# Plow for the 524?



## silwan (Feb 25, 2014)

Hi all, season is almost over. Before winter started :

I put in a new augur belt, and made and installed impeller paddles from an old tread mill.
First snow was wet and slushy, and the 524 did NOT perform well, ice up. 
All the other storms, I was very happy, it was throwing 30 feet and had not iced up again, great for only 5hp. Which brings me to this question,:

Have any of you made a plow to attach to your blowers when its slushy? I am thinking of plywood covered with trim coil maybe. A plow I can angle easily and quickly. Any suggestions? I don't want to buy a plow.

Thanks


----------



## motorhead64 (Dec 15, 2013)

Diytips.info has a homemade plow on YouTube..there are others there as well. They seem to be most effective on light snow. MH


----------



## silwan (Feb 25, 2014)

motorhead64 said:


> Diytips.info has a homemade plow on YouTube..there are others there as well. They seem to be most effective on light snow. MH


Thanks for the reply, I will take a peak.


----------



## Pathfinder13 (Feb 28, 2014)

silwan said:


> Hi all, season is almost over. Before winter started :
> 
> I put in a new augur belt, and made and installed impeller paddles from an old tread mill.
> First snow was wet and slushy, and the 524 did NOT perform well, ice up.
> ...


Just note that you need stiff rubber for an impeller kit. Flexible rubber won't do much, it needs to sweep the impeller housing clean and not just flex out of the way anf bypass the slush building up in there. 

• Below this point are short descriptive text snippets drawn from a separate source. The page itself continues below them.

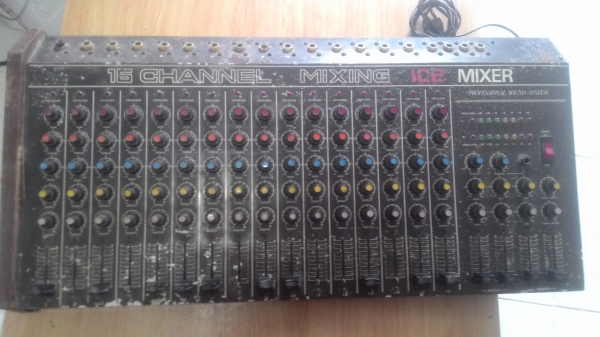 Mixer 16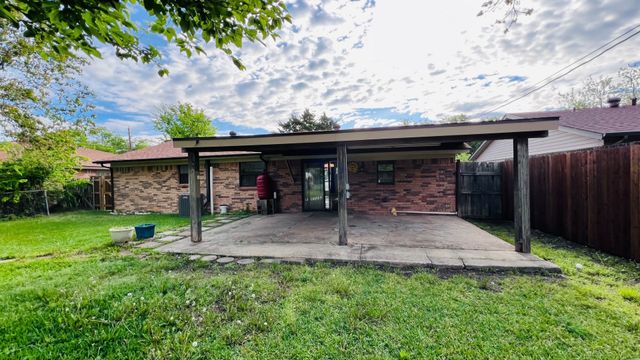 2405 Donna Drive, Grand Prairie, TX 75051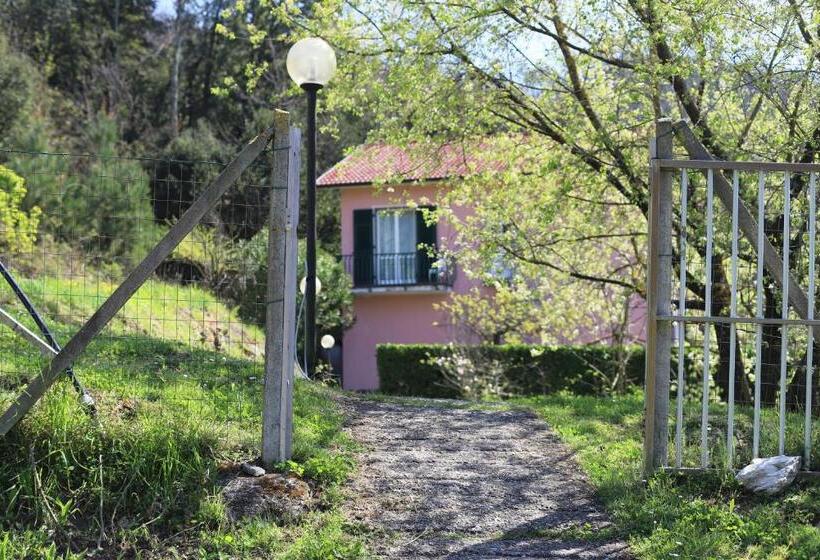 Отель Pavì Delle 5 Terre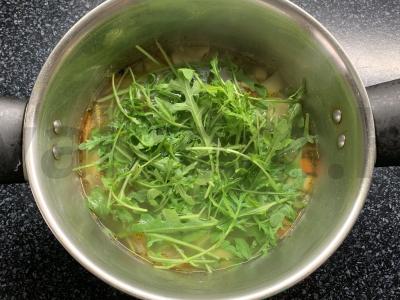 Sriuba-pyragas su rukola, sūriu, cukinija ir šonine Žingsnis 9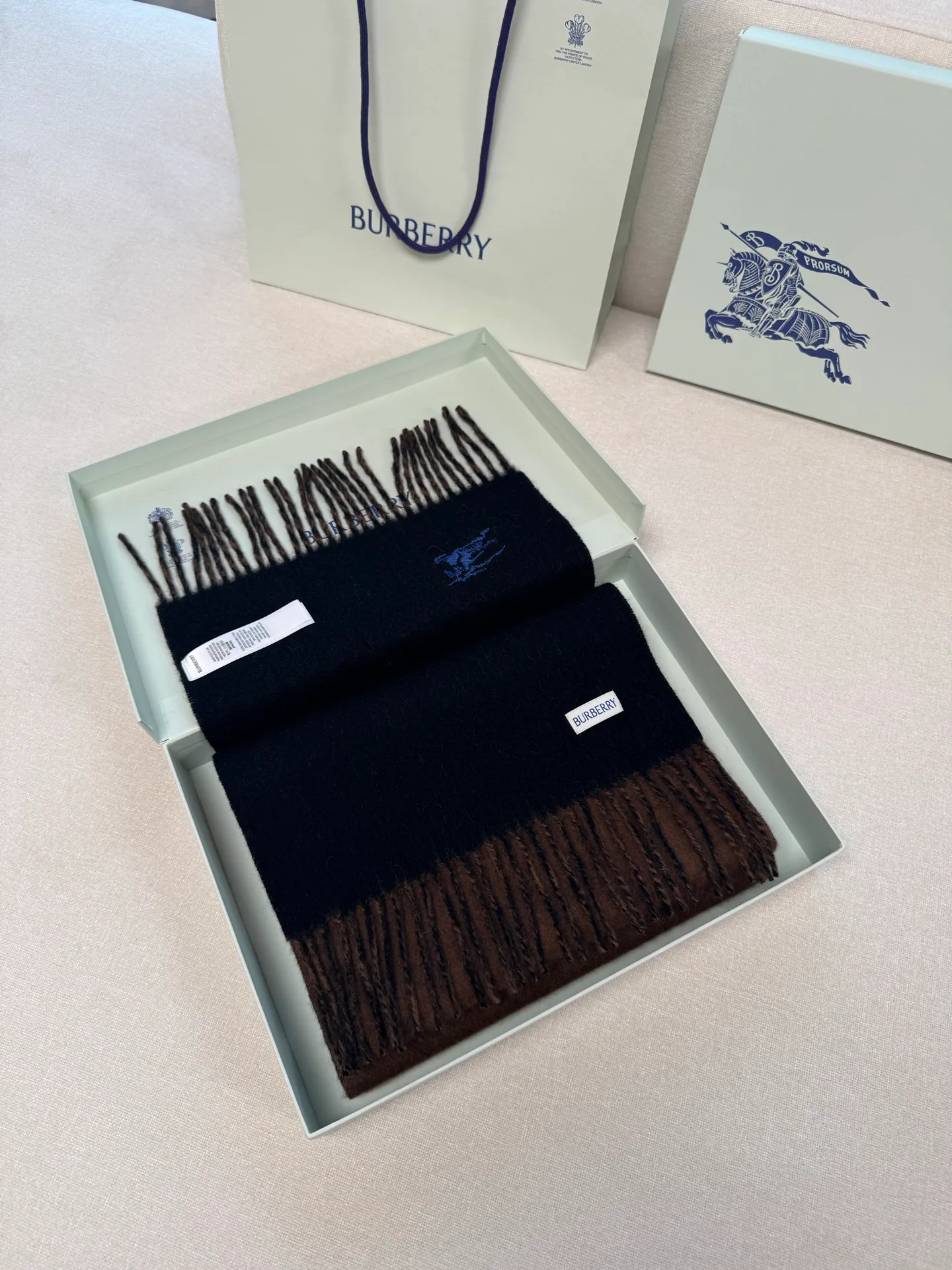 Шарфы Burberry 848585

You may just want to get an old stiff mud flap and cut some new pieces and just replace them, would be an easy swap out and then your impeller kit would perform as intended.


----------



## 43128 (Feb 14, 2014)

they actually made a plow kit for these 24 inch blowers, not sure if its stills available. Toro 38080 Parts List and Diagram - (9000001-9999999)(1979) : eReplacementParts.com


----------



## Kiss4aFrog (Nov 3, 2013)

I don't have one but I thought the photo was interesting.


----------



## silwan (Feb 25, 2014)

Pathfinder13 said:


> Just note that you need stiff rubber for an impeller kit. Flexible rubber won't do much, it needs to sweep the impeller housing clean and not just flex out of the way anf bypass the slush building up in there.
> 
> You may just want to get an old stiff mud flap and cut some new pieces and just replace them, would be an easy swap out and then your impeller kit would perform as intended.


I may do that in the off season, thanks.


----------



## silwan (Feb 25, 2014)

Kiss4aFrog said:


> I don't have one but I thought the photo was interesting.


That's a nice picture. Professionally done.


----------



## Kiss4aFrog (Nov 3, 2013)

If you were creative you could make one that when down worked as a plow and when pivoted up was a drift breaker and just stayed on the machine 24/7.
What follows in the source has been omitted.